Che progetti ha per Marsala?

 “Credo che, per prima cosa, dobbiamo capire quale identità vogliamo dare a questa città: se un’identità improntata sull’enologia o sulla gastronomia, o un’identità turistica, o un’altra identità..… Il mio ideale di Marsala è una città aperta all’Europa. E’ un progetto realizzabile. Si può cominciare, per esempio, dal riproporre l’organizzazione di due eventi che negli ultimi anni hanno portato centinaia di migliaia di turisti. Mi riferisco al Marsala Jazz Festival e al Festival del Giornalismo d’Inchiesta. Due festival che non sono stati più organizzati per mancanza di fondi, ma soprattutto per l’inezia dell’amministrazione comunale”.

“Parlando ancora di turismo, se verrò eletta proporrò la costituzione di una tourist card, una carta turistica che prevede agevolazioni e sconti per i turisti che vengono a visitare la nostra città. E’ importante che chi viene a Marsala non si senta abbandonato né spaesato. La tourist card prevederà dei percorsi turistici di varia entità: da quello enogastronomico a quello culturale, a quello religioso ed archeologico... Il turista sarà così messo nelle condizioni di poter decidere quale aspetto bellissimo della nostra città vuole visitare. Chi sarà in possesso della tourist card, avrà inoltre a disposizione il servizio di trasporto pubblico. Mi piacerebbe inoltre che il personale degli enti turistici marsalesi faccia dei corsi di aggiornamento e perfezionamento delle lingue straniere. Se vogliamo che Marsala diventi una città turistica, dobbiamo essere in grado di accogliere i visitatori nel migliore dei modi, parlando anche nella loro lingua".

“Nel mio progetto per Marsala- prosegue la giovane candidata di SEL-  è prevista inoltre l’installazione di impianti fotovoltaici in tutta la città, soprattutto nei luoghi pubblici. Sfruttare le energie alternative, visto lo splendido sole di cui godiamo tutto l’anno, è un ottimo modo per abbattere annualmente i costi della bolletta comunale. Il risparmio che ne deriverebbe potrebbe comportare la riduzione dell’imposizione fiscale ai cittadini o essere reinvestito in altri progetti. Per esempio, un settore sul quale si dovrebbe investire è quello dei trasporti pubblici. Gli autobus cittadini, che sono in uno stato di degrado incredibile, sono tutti da sostituire. In più, proporrò una linea suburbana in accordo con Trenitalia per collegare l’aeroporto alla città e alle contrade”.

Quale candidato a sindaco appoggia? E perché?

“Noi di Sinistra Ecologia e Libertà appoggiamo l’avvocato Peppe Gandolfo. E’ una candidatura che ci appassiona particolarmente. Sia perché Peppe si impegna da sempre nella lotta alla mafia, sia perché è circondato da tantissimi giovani con voglia di riscatto”.

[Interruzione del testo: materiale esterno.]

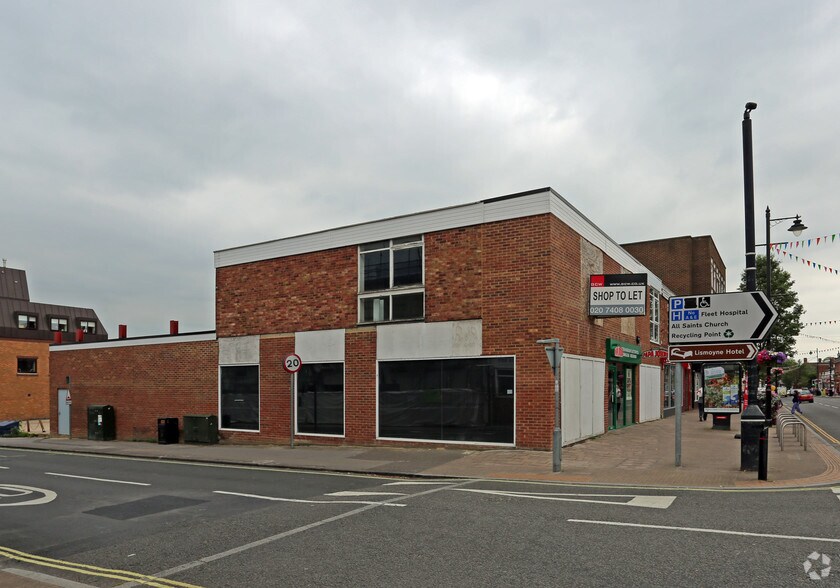 181-183 Fleet Rd, Fleet à louer - Photo de l’immeuble – Image 1 sur 6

Perché gli elettori marsalesi dovrebbero votarla?

“Perché è giunta l’ora che ci siano persone competenti in consiglio comunale. Perché siamo stanchi del voto di scambio. A noi interessano i voti d’opinione. Parlo a tutti gli elettori marsalesi: non votate l’amico dell’amico o il parente del parente. Votate una persona che ritenete in grado di rappresentare al meglio la collettività. Non permettete che venga eletta una persona che poi non è in grado di amministrare. Perché se ci troviamo in una situazione così degradata, è proprio perché abbiamo avuto cattivi amministratori. Il voto è una cosa seria, può fare la rivoluzione. Non sottovalutatene l’importanza”.